Perlmutter has been bawling in his borscht ever since.
It’s not clear if that’s on the menu at Mar-a-Lago, where Perlmutter reportedly dines frequently. But Ike is more than just another guest at Donald Trump’s gauche club: According to OpenSecrets, which tracks political donations, in November 2016, Perlmutter and wife Laura gave $5 million to the Great America PAC, whose sole purpose was to elect the tubbiest president since William Howard Taft. That earned Laura a seat on the Inauguration Committee, and once Trump was in office, there was even chatter about the secretive Perlmutter joining the Administration.
So, it is hard to imagine that there was not some political element driving the run at Disney, especially given its long-running war with the Trumpism of the failed Judas of Florida, Governor Ron DiSantis.
Now that the board-seat election is over, the Peltz-Perlmutter crowd are not the only ones dining on crow (if that isn’t on the Mar-a-Lago menu, it should have been after the 2020 election).
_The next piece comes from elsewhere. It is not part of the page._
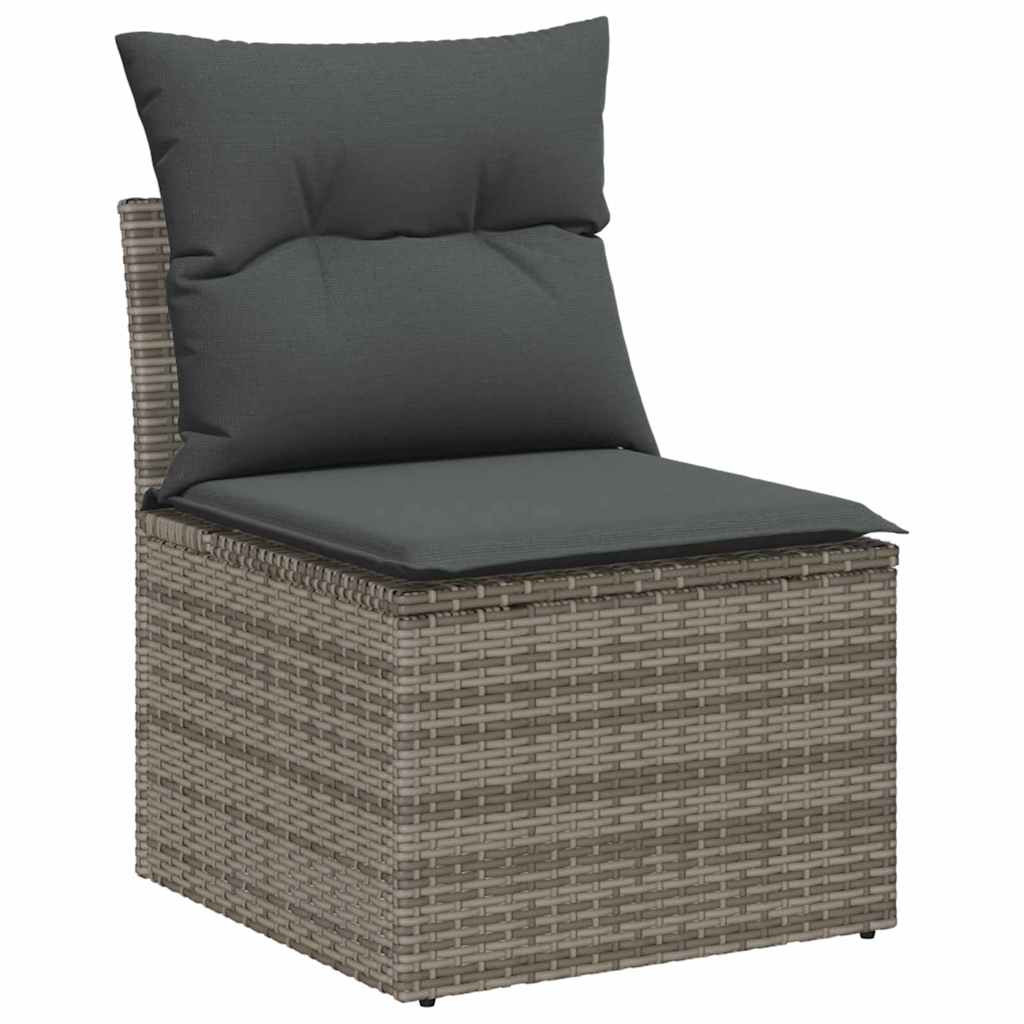 Kerti Kanapé Szett párnával tárolóval 7 pcs Szürke Polyrattan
Institutional Shareholders Services, a self-described impartial proxy advisory firm with some sway, has feathers in its mouth after endorsing Peltz for a board seat, though it declined to do the same for former Disney CFO Jay Rasulo, who was in bed with Peltz and Perlmutter (or at least under the same beach umbrella).
But the biggest serving of crow belongs to CaPERS, California’s enormous public pension fund, which controls more than 6 million shares of Disney: It supported both Peltz and Rasulo for board seats, Reuters reported last week.
That was not just downright goofy given that the website of CalPERS bullhorns its commitment to “Diversity, Equity & Inclusion,” adding: “We’re constantly working towards improving DEI in our workplace, culture, investments, health programs, and suppliers.” In fact, it qualifies as “Awful & Odious.”
Money will always go before DEI, or any other corporate effort that might actually ensure fairness. Nice work.
Money will always go before DEI, or any other corporate effort that might actually ensure fairness. Nice work.